Tazawa Y, Noguchi H, Nishinomiya F, Takada G
Department of Pediatrics, Akita University School of Medicine, Japan.
Acta Paediatr Jpn. 1997 Apr;39(2):210-4. doi: 10.1111/j.1442-200x.1997.tb03583.x.
To examine the effect of weight changes on serum transaminase activities, glutamic oxaloacetic and pyruvic transaminases (GOT/GPT), a 3-month observation of 110 obese outpatients treated by a mild regimen for obesity was carried out. Patients were divided into two major groups, group I (n = 73) and group II (n = 37), with or without persistent elevation of serum GOT/GPT (> 30 IU/L), and retrospectively classified into four subgroups according to weight changes: group A, weight loss > 5%; group B, weight loss of < 5%; group C, an increase of < 5%; group D, an increase > 5%. In group IA, the incidence of cases with normalization of serum GOT/GPT was 70% and was significantly greater than those of the other three subgroups, respectively (P < 0.01). The incidences of decreased serum GOT/GPT activities were observed corresponding to the degree of weight changes not only in group I (100-27%) but also in group II (100-33%). These facts indicate that a mild regimen for obese outpatients for 3 months, significantly improves serum transaminase activities in patients not only with weight reduction but also weight gain, and that fatty liver may be present even in obese children with normal serum transaminase levels. The normalization of serum GPT activity in patients with weight gain suggests the presence of another factor contributing hypertransaminasemia in pediatric obese patients.

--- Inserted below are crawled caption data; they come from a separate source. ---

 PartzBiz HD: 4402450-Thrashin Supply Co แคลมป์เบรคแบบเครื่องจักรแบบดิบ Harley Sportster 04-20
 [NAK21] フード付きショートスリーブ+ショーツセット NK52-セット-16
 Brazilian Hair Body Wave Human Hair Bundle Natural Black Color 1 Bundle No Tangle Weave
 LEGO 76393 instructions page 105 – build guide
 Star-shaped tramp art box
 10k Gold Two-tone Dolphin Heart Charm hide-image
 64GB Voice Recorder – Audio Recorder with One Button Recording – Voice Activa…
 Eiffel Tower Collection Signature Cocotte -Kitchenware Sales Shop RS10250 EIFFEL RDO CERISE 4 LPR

为研究体重变化对血清转氨酶活性(谷草转氨酶/谷丙转氨酶,GOT/GPT)的影响,对110例接受轻度肥胖治疗方案的肥胖门诊患者进行了为期3个月的观察。患者分为两大组,第一组(n = 73)和第二组(n = 37),根据血清GOT/GPT是否持续升高(> 30 IU/L),并根据体重变化回顾性分为四个亚组:A组,体重减轻> 5%;B组,体重减轻< 5%;C组,体重增加< 5%;D组,体重增加> 5%。在IA组中,血清GOT/GPT恢复正常的病例发生率为70%,显著高于其他三个亚组(P < 0.01)。不仅在第一组(100% - 27%),而且在第二组(100% - 33%)中,均观察到血清GOT/GPT活性降低的发生率与体重变化程度相对应。这些事实表明,对肥胖门诊患者进行3个月的轻度治疗方案,不仅能显著改善体重减轻患者的血清转氨酶活性,也能改善体重增加患者的血清转氨酶活性,并且即使血清转氨酶水平正常的肥胖儿童也可能存在脂肪肝。体重增加患者血清GPT活性恢复正常表明,小儿肥胖患者高转氨酶血症可能存在其他促成因素。